### Problem
Below is a block of records; reproduce all of them exactly and leave out any pictures.

(Dataset records)
Content starts

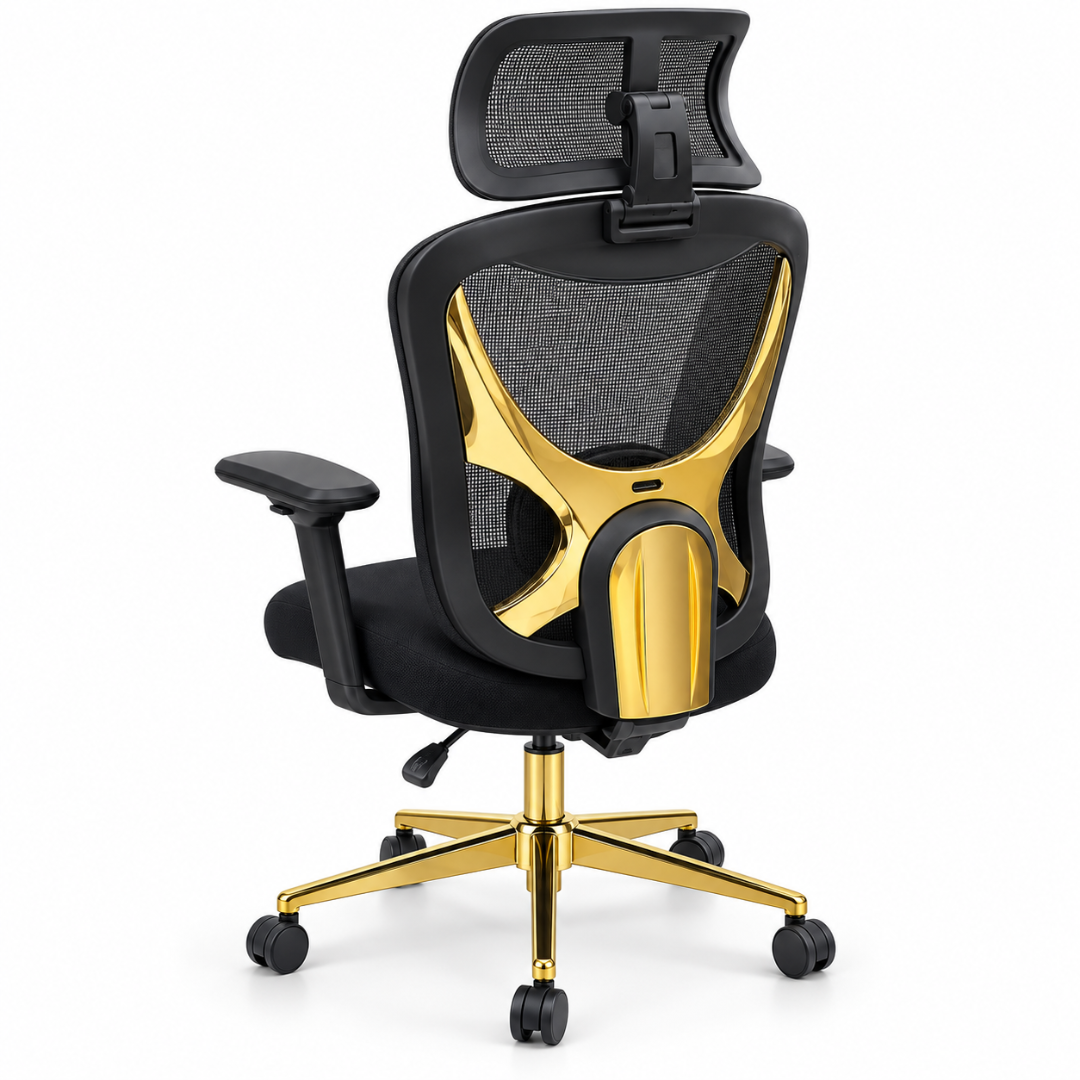 Wooden Twist Aurelio Ergonomic Mesh Office Chair Black & Gold – Back Angle View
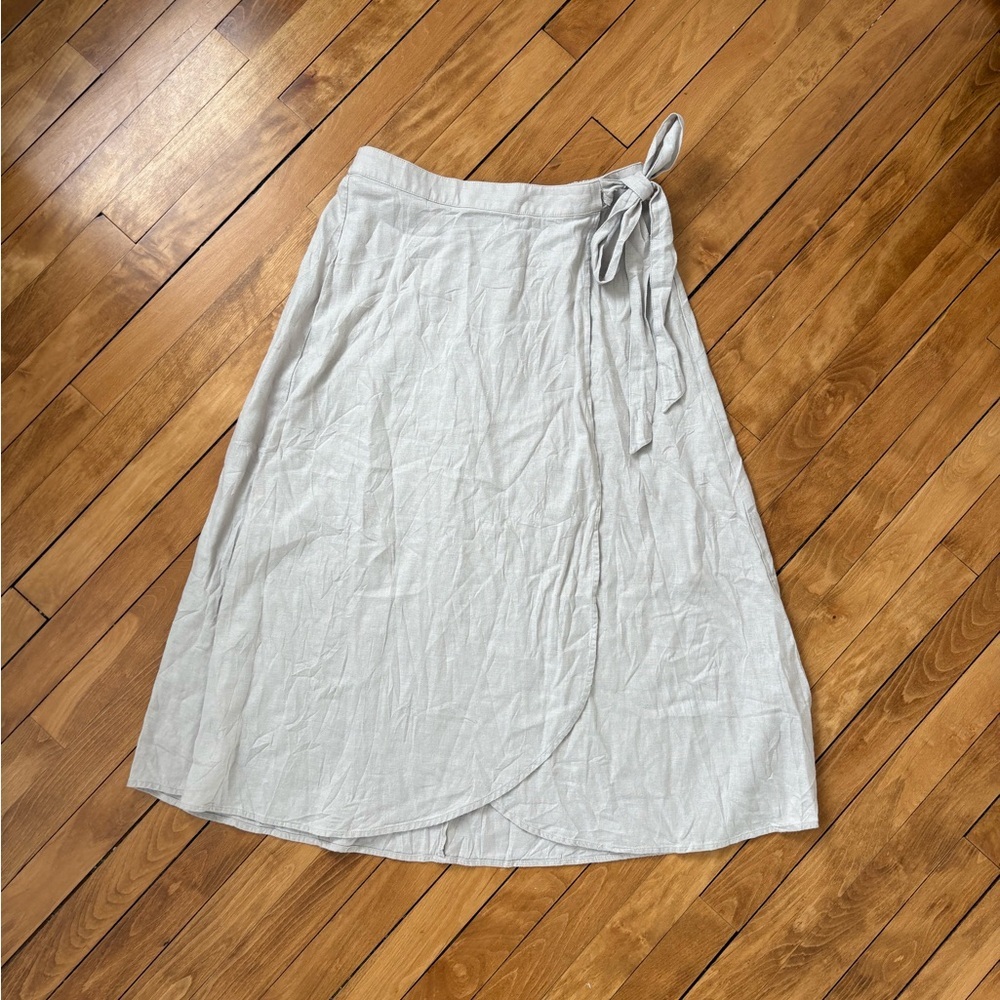 J. Crew Light Gray A-Line Wrap Skirt
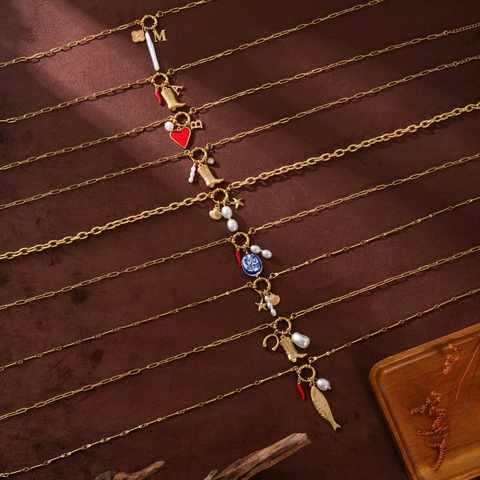 Vintage Stainless Steel Pendant Necklace For Women Gold Plated Paperclip Chain With Western Boot Chili Heart Artificial Pearl Shell Starfish Charms Bohemian Jewelry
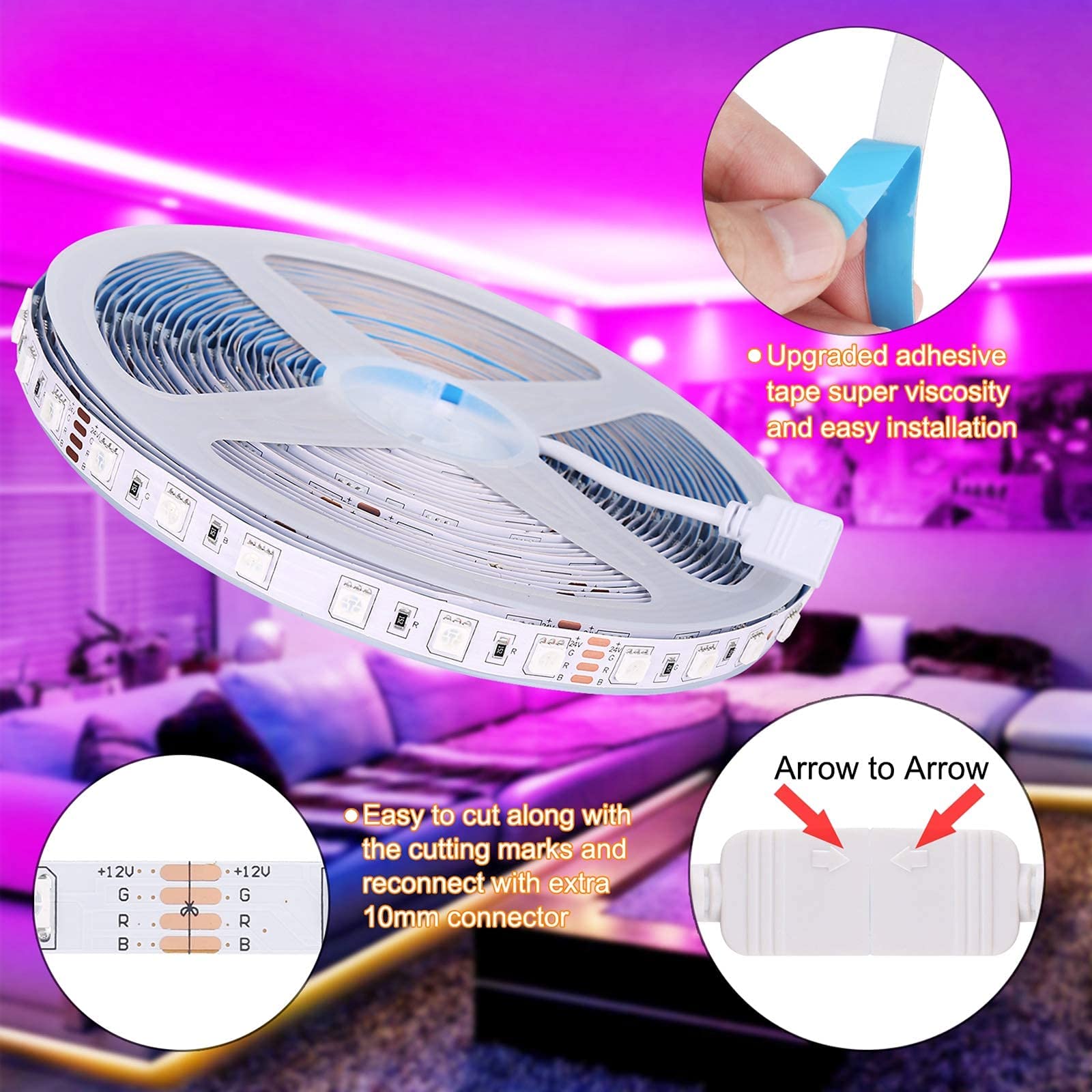 Aled Light 5050 Rgb Led Strip Kit, 10M/600Leds, Non-Waterproof, Color Changing, Model Al103001, Includes Ir Remote & Power Supply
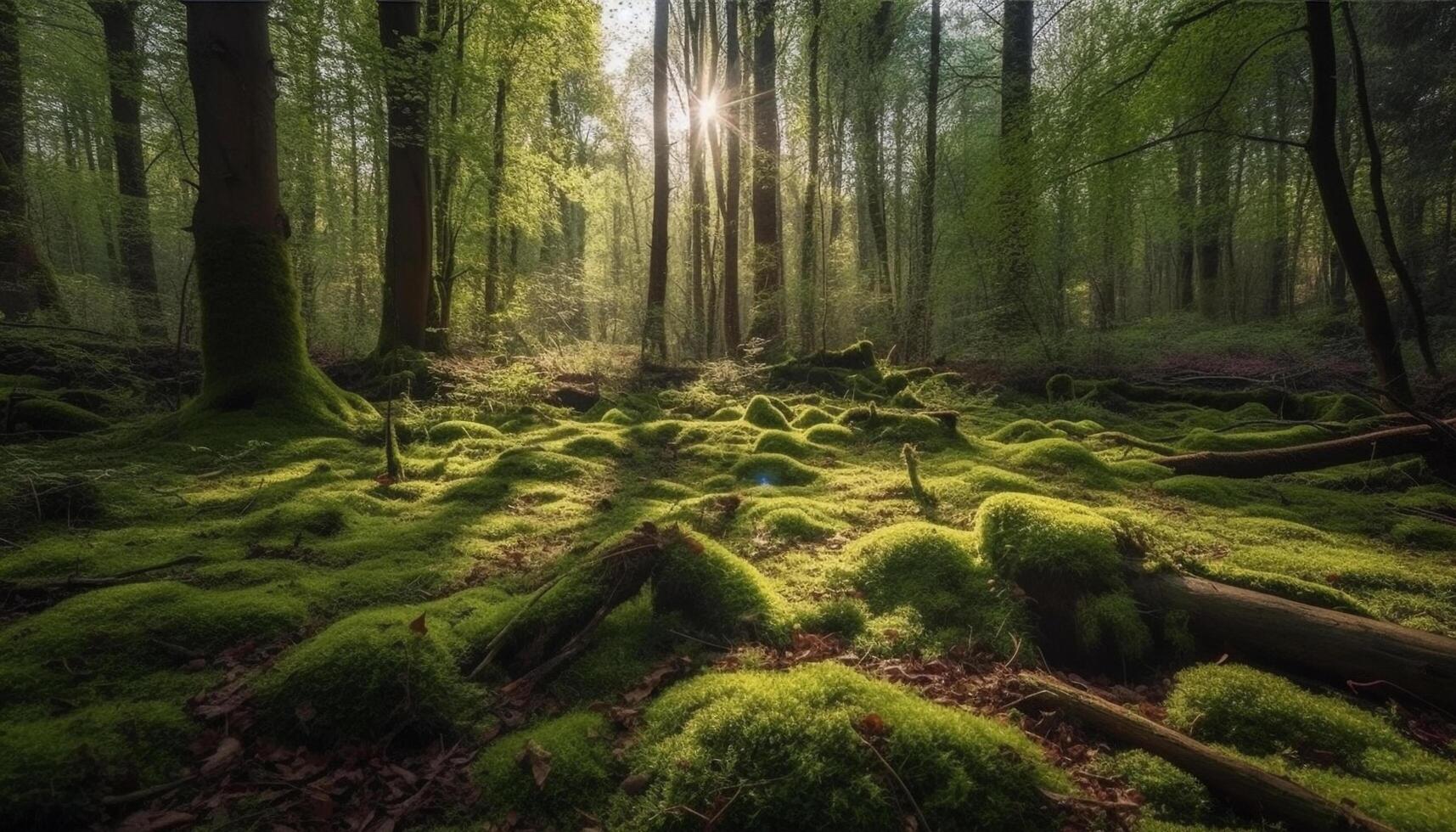 Tranquil scene of green forest, sunlight on tree, nature beauty generated by AI photo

Content ends

### Answer area
 Wooden Twist Aurelio Ergonomic Mesh Office Chair Black & Gold – Back Angle View
 J. Crew Light Gray A-Line Wrap Skirt
 Vintage Stainless Steel Pendant Necklace For Women Gold Plated Paperclip Chain With Western Boot Chili Heart Artificial Pearl Shell Starfish Charms Bohemian Jewelry
 Aled Light 5050 Rgb Led Strip Kit, 10M/600Leds, Non-Waterproof, Color Changing, Model Al103001, Includes Ir Remote & Power Supply
 Tranquil scene of green forest, sunlight on tree, nature beauty generated by AI photo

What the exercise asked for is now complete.